You may be performing a one-time set of manual steps with basic tools to carry out a simpler inventory. Alternately, if you have a complex content set and sufficient software engineering talent available, you may be orchestrating a recurring, automated inventory process.
The Steps
Execute the inventory:
front-end crawl with Screaming Frog, Wget or another crawler
note that authenticating into a production system is inadvisable so consider guardrails
query admin interface content listings – managed objects like Drupal nodes
UNIX “find” through file system directory structures
merge results
ensure proper encoding in recorded values
multilingual
special characters
remove trailing slashes
check for 404s
resolve case-sensitivity issues
de-duplicate
force redirections
repeat
consolidate results into CSV or other interim format
Delivery
Packaging and delivering the inventory offers a final opportunity to polish its results. These are largely presentational steps that make for easier interpretation of the results and loading into an audit system.

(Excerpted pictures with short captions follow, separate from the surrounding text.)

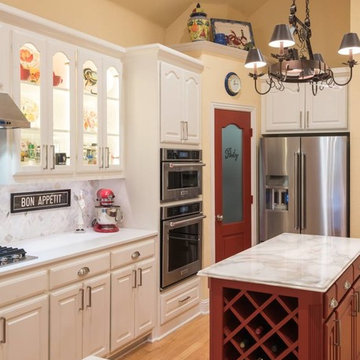 COLORFUL KITCHEN - ALLEN, TEXAS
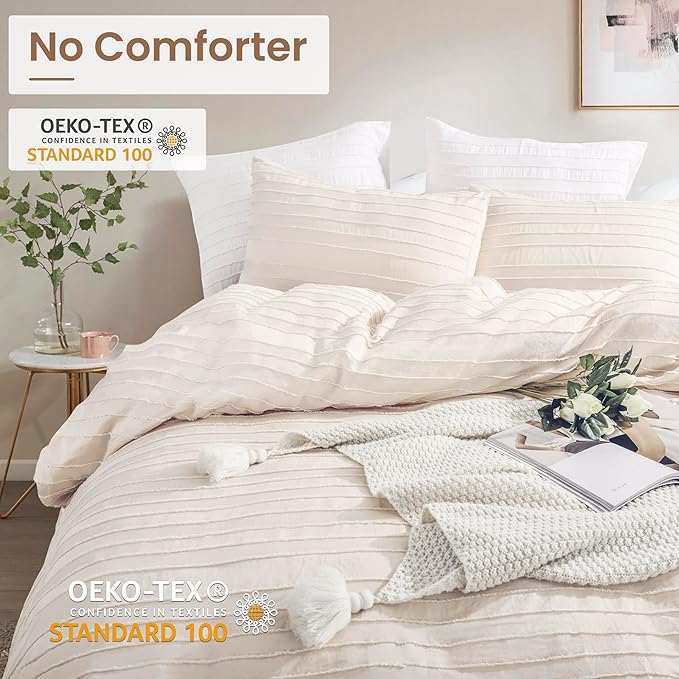 NEXHOME PRO Duvet Cover King, Soft and Lightweight 100% Washed Microfiber - Image 4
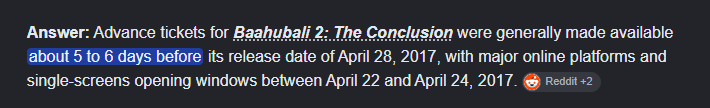 VEDGAMINGY5181's tweet photo. @frfrarchive @ssrajamouli I don't even see a point in this comparasion, It is 15 days for ramayana, Also at the time of 2017, very less people used book my show or related apps, majority used to go to theatre to buy a ticket!, Also it is a part 2, that too the biggest film of india footfalls wise. https://t.co/yPtm4IQESn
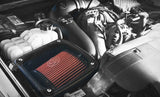 Cold Air Intake For 06-07 Chevrolet Silverado GMC Sierra V8-6.6L LLY-LBZ Duramax Cotton Cleanable Red S&B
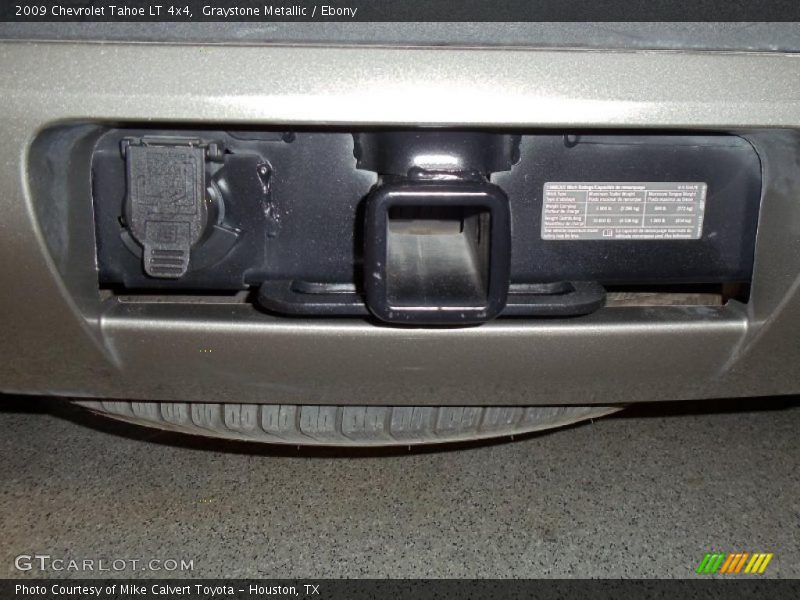 Graystone Metallic / Ebony 2009 Chevrolet Tahoe LT 4x4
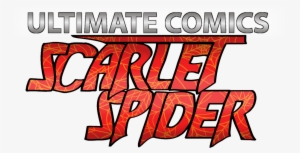 Ultimate Comics Scarlet Spider Logo V2 By Spid3y916-d7fr8wb - Scarlet Spider Marvel Logo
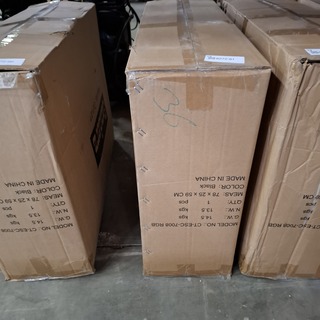 Gamestoel verstelbaar RGB LED, Black, 2025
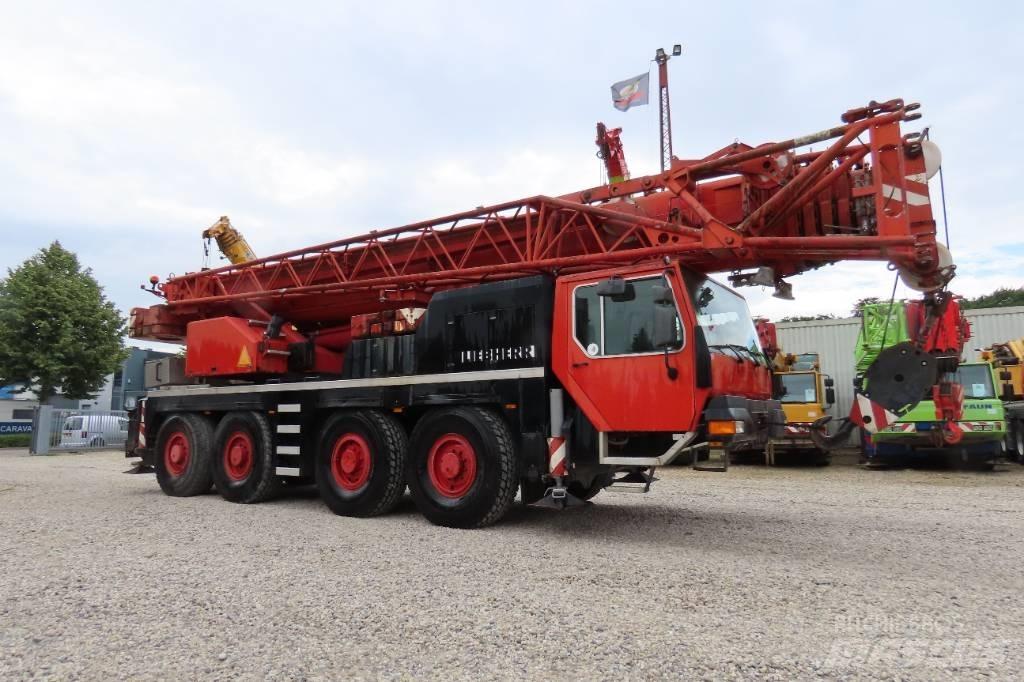 Liebherr LTM 1080 All-Terrain-Krane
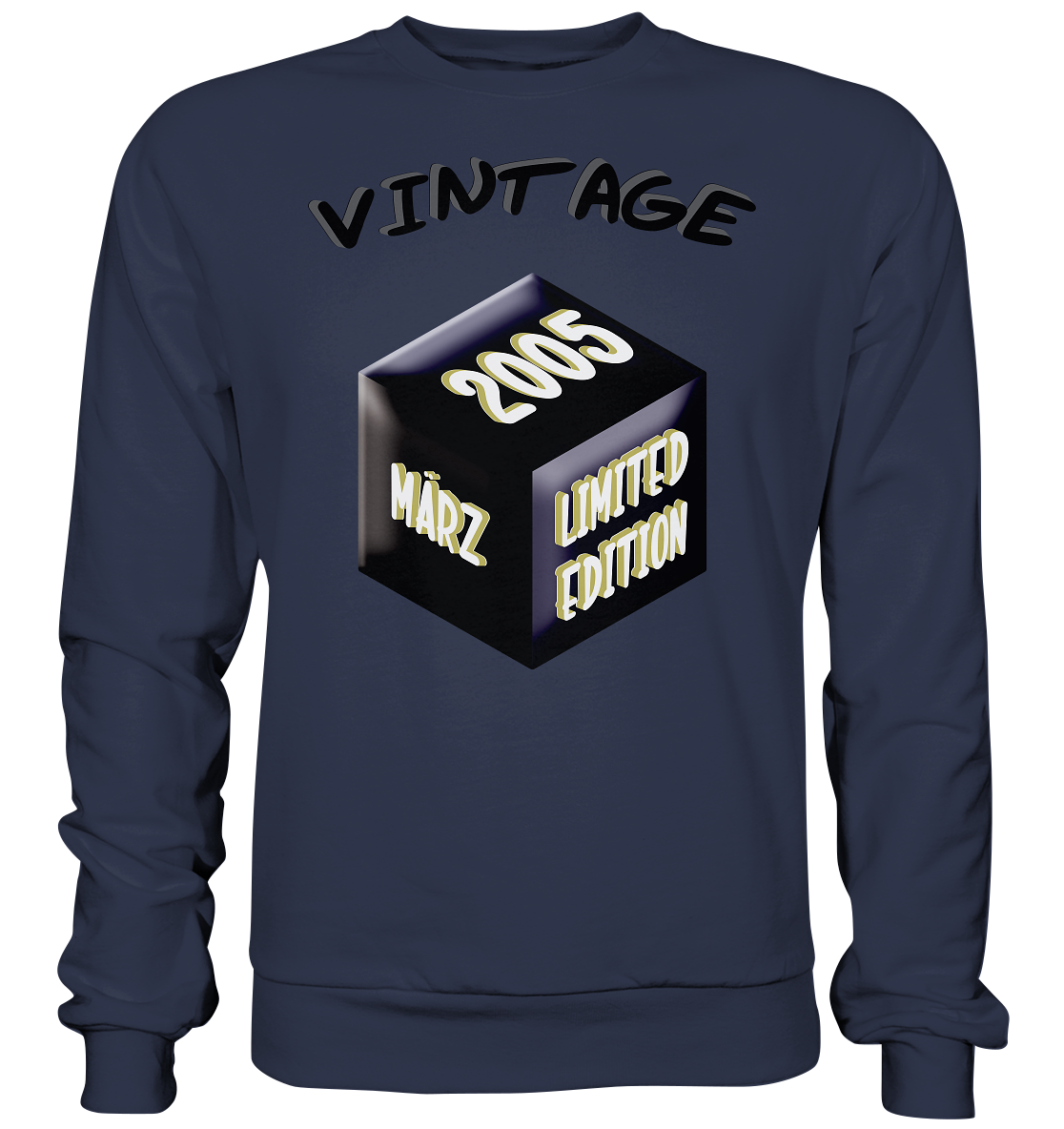 Vintage 2005 MÄRZ Limited Edition, Geschenk zum 18 - Premium Sweatshirt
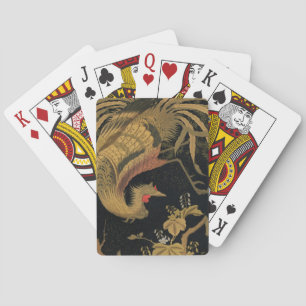 Golden Bird Japanese Classic Antique Playing Cards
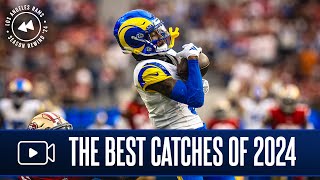 HIGHLIGHTS: The Best Rams Catches From The 2024 Season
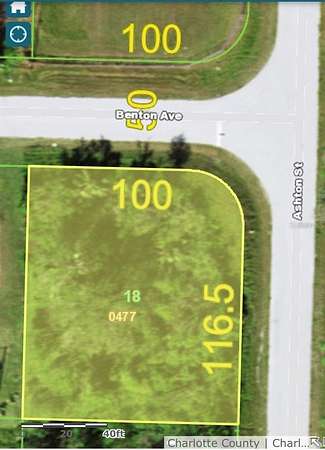 0.26 Acres of Residential Land for Sale in Port Charlotte, Florida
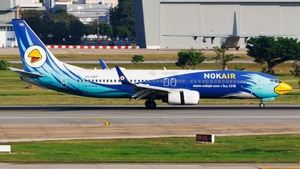 Photo of HS-DBP - Boeing 737-8FZ operated by Nok Air
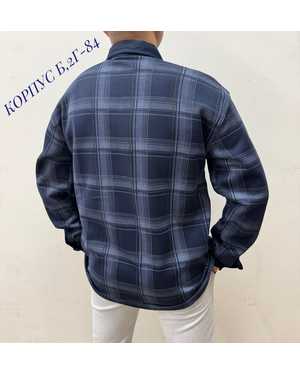 РУБАШКА В РАЗМЕР ТКАНЬ ХЛОПОК И ТЯНЕТСЯ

If you are running recurring inventories, you should establish a naming convention for the output files that will give you a clear picture when you need to differentiate among accumulating results sets.
Here is a sample format:
[name of the content set]-[captured through date YYYY-MM-DD]-[as of date delivered YYYY-MM-DD-HHMM-timezone]-[file extension]
For example:
minutes-of-proceedings-through-2021-05-14-as-of-2021-05-31-1848-pdt.xlsx
The Steps
Package and deliver the inventoried content:
normalize data
reconcile competing date formats
enforce title conventions, i.e. remove suffixed “ – Organization Name” etc.
remove initial and trailing whitespace in values for title, subtitle and other text fields
tokenize special characters, depending on how the inventory results will be processed
commas
quotation marks
indicate aliases where multiple URLs refer to the same content
set default sort order and subsort orders
package results into XLSX, XML, JSON, or other final format
store final inventory package in a redundant location
load inventory results into audit environment